> PROBLEM REQUIREMENTS
The line with "Snapshot of casualtimepassenger" through the last line of the entries: give these again exactly, and only these, without any pictures.

━━━ TASK INPUT ━━━

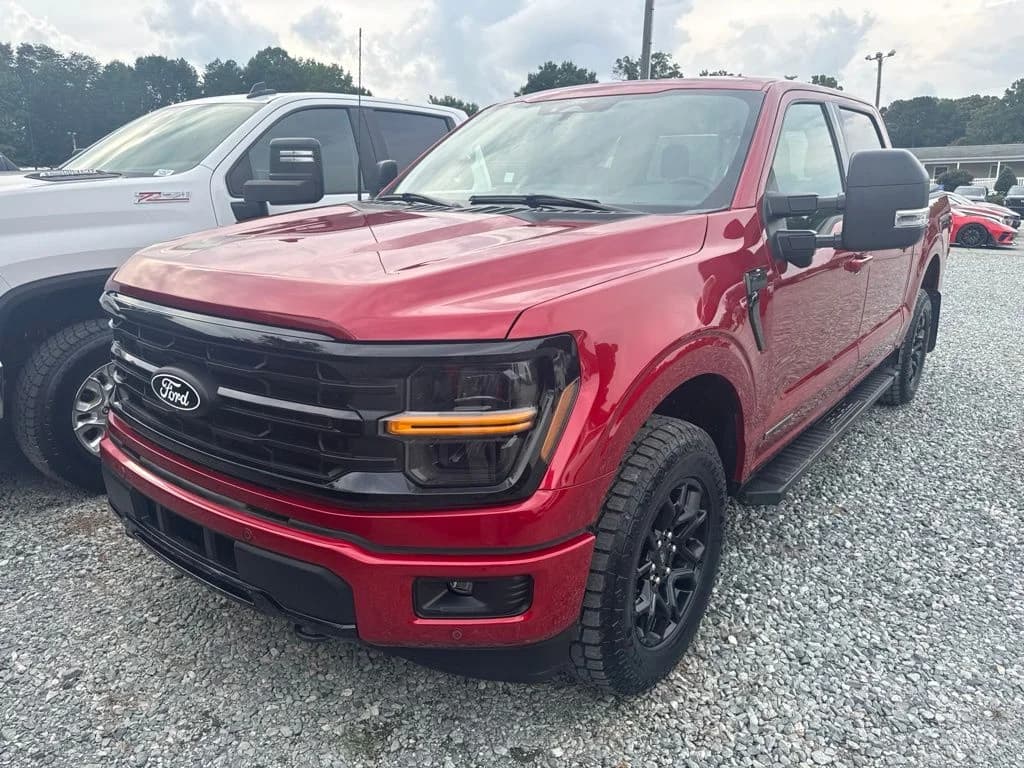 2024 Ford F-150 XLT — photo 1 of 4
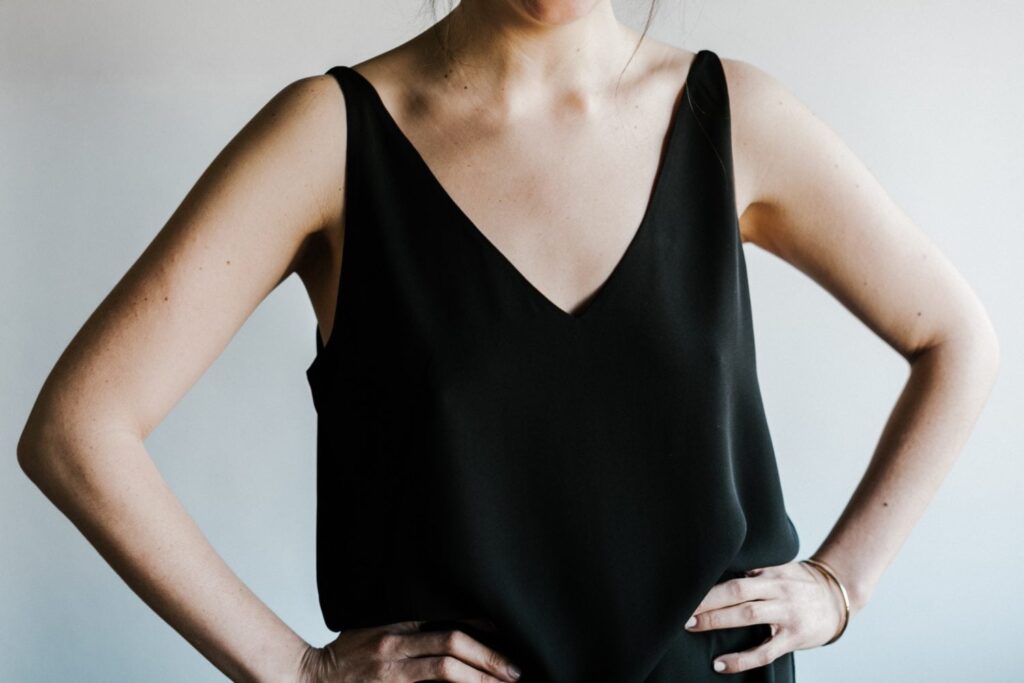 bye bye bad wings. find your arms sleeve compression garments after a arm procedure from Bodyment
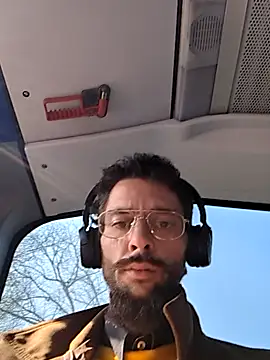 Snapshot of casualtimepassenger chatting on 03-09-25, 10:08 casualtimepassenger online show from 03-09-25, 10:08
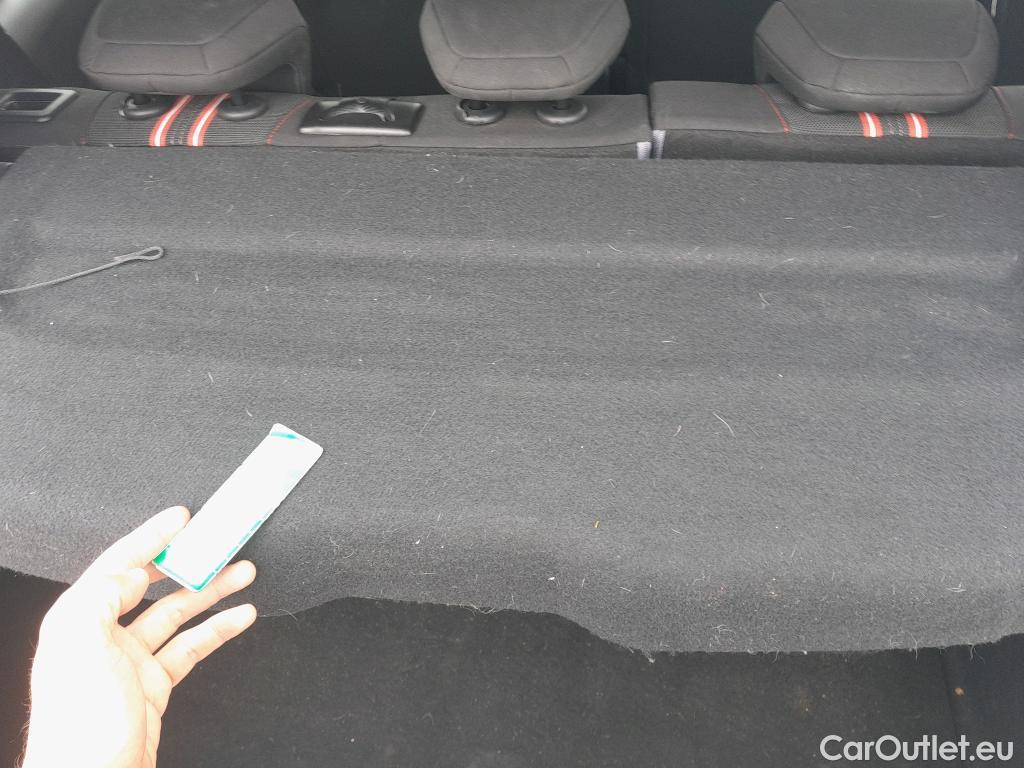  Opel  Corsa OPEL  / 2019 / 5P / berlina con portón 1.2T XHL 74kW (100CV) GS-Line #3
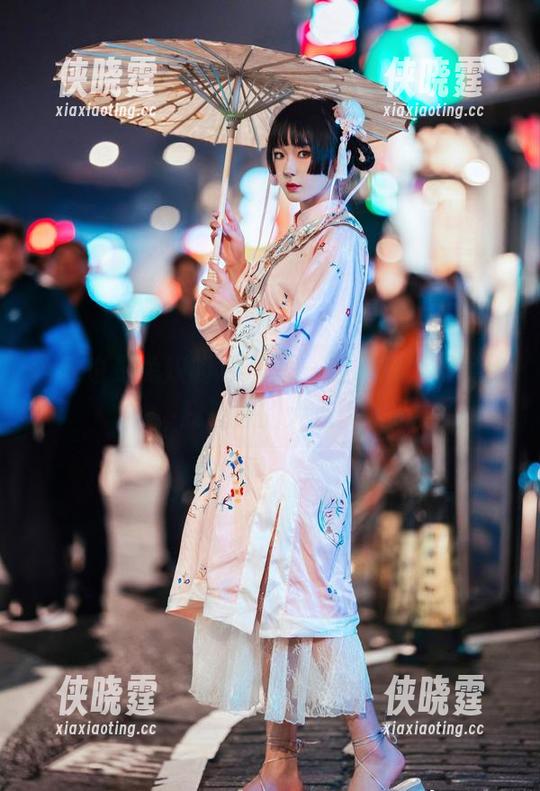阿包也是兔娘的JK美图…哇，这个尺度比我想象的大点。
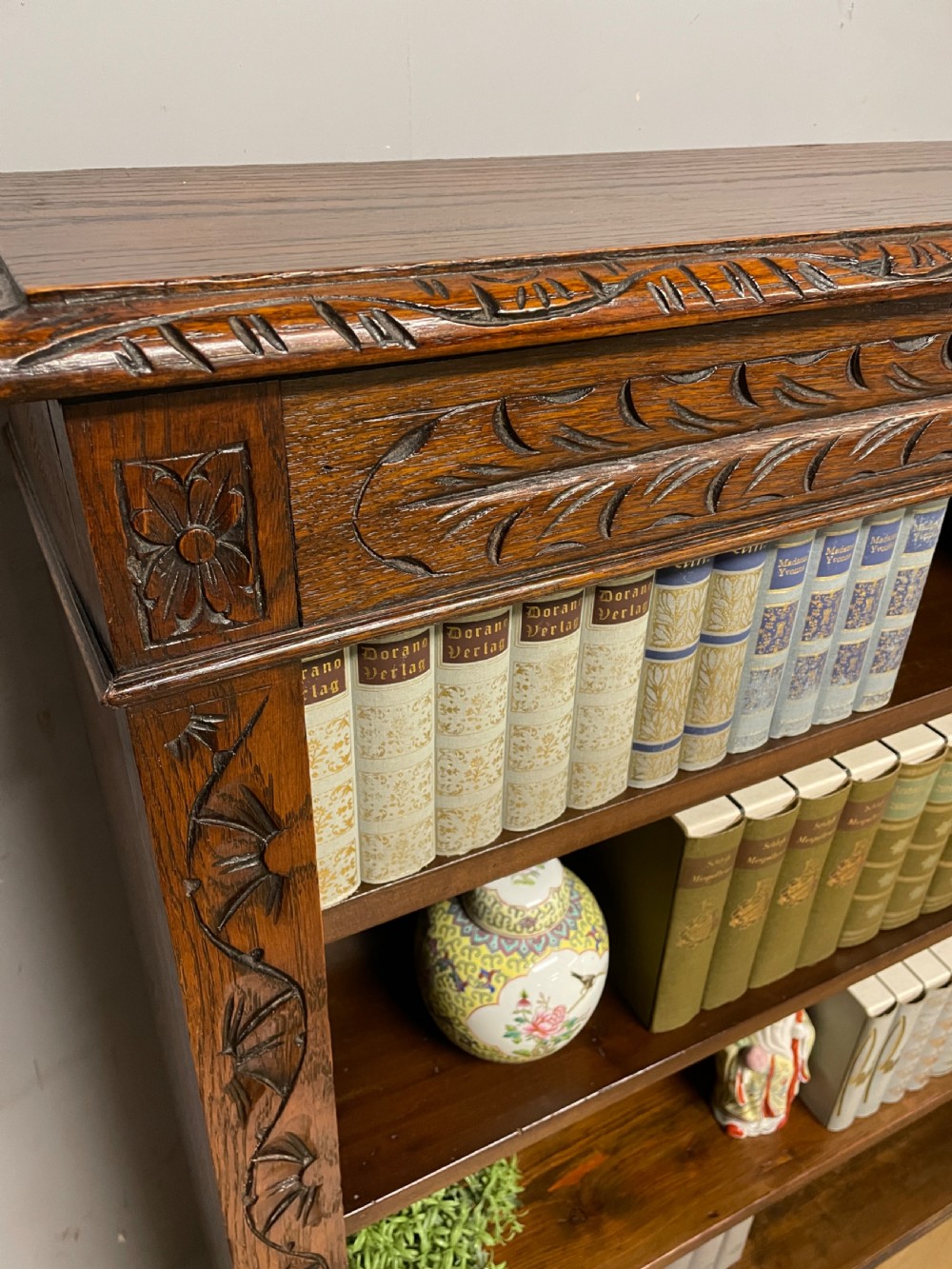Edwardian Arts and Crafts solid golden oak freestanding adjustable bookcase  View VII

━━━

> REPLY TO THE EXERCISE
 Snapshot of casualtimepassenger chatting on 03-09-25, 10:08 casualtimepassenger online show from 03-09-25, 10:08
  Opel  Corsa OPEL  / 2019 / 5P / berlina con portón 1.2T XHL 74kW (100CV) GS-Line #3
阿包也是兔娘的JK美图…哇，这个尺度比我想象的大点。
Edwardian Arts and Crafts solid golden oak freestanding adjustable bookcase  View VII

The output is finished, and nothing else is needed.